Ivan Chua, Head of Fixed Income, Singapore, BNP Paribas Wealth Management
Due to inflation and the Fed pivot, many investors are staying away from bonds with longer maturities. This opens up buying opportunities in Bank Tier 2 paper (“T2s”). It is believed that T2s continue to have high call likelihoods given:
- Amortisation of capital treatment
- T2 paper becomes expensive subordinated debt with less capital benefits if not called
- Coupon reset feature
- Investors will receive higher coupons if interest rates are higher on call date
- Signaling and future benchmarking
- Banks that choose not to call will have to pay a premium for future issuance
Investors can position for yield pick-up through callable T2s which are offering attractive yields of ~ 4-6% p.a.

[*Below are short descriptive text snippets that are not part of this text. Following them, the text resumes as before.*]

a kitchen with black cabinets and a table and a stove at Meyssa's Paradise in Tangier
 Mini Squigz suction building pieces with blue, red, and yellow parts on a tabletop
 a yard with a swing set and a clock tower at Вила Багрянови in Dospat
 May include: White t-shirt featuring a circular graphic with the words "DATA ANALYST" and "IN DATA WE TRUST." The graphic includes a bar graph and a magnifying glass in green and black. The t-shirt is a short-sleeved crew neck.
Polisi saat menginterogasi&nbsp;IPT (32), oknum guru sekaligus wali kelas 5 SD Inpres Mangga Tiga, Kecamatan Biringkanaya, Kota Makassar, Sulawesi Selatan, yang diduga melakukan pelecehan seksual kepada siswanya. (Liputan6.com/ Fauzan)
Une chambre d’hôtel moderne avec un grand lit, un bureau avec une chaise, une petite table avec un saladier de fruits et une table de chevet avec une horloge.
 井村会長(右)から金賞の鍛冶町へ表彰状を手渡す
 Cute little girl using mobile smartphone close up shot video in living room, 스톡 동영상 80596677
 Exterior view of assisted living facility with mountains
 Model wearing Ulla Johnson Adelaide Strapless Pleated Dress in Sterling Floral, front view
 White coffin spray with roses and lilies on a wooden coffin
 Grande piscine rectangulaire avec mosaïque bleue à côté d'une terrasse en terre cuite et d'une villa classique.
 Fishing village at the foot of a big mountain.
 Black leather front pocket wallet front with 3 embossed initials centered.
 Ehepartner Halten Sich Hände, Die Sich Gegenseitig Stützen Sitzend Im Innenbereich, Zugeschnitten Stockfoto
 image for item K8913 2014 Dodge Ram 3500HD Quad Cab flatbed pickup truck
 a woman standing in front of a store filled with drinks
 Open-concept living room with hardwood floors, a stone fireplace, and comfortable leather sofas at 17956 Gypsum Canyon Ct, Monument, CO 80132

The risk-reward on the trade is reasonable as the investor is likely left holding 5 year bank paper on a no-call scenario.
Background
In general, banks issue a variety of different papers, broadly categorised into the 4 categories below (in descending order of risk):
a) Additional Tier 1 / Contingent Convertibles (AT1/CoCos)
b) Tier 2
c) Senior non-preferred
d) Senior preferred
Categories (a)-(c) fall under Total Loss Absorbing Capital (“TLAC”). While AT1/CoCos can be converted or written down to zero without affecting normal operations of a bank, an investor in the rest of the TLAC capital stack is taking risk on bank liquidation/winding up, with recovery being after senior preferred creditors and depositors. Additionally, issuers may not skip coupons on T2 debt.
Tier 2
Under European Banking regulations, the amount of subordinated debt that qualifies for Tier 2 capital treatment is amortised over the last 5 years to maturity (Source: Article 64 of Regulation (EU) No. 575/2013 (CRR)).
This means that banks who do not call the bonds would be paying the expensive subordinated bond coupons without the debt qualifying for T2 capital treatment.
This gives bank issuers an economic incentive to call the subordinated paper at first call date. Based on current market pricing, investors are being paid the maturity yield to own paper that will likely be called 5 years prior to maturity.

“Investors today are being paid the maturity yield to buy a bond that will likely be called 5 years prior regardless of the interest rate environment”
Callable Bank T2s provide good risk reward in the current market environment. While the spectre of an outsize move by the US Fed provides headwinds for financial assets in general, downside risk of a long position in T2s is limited by the coupon reset feature and non-deferrable coupons. Stick to banks with good fundamentals that can withstand an economic downturn.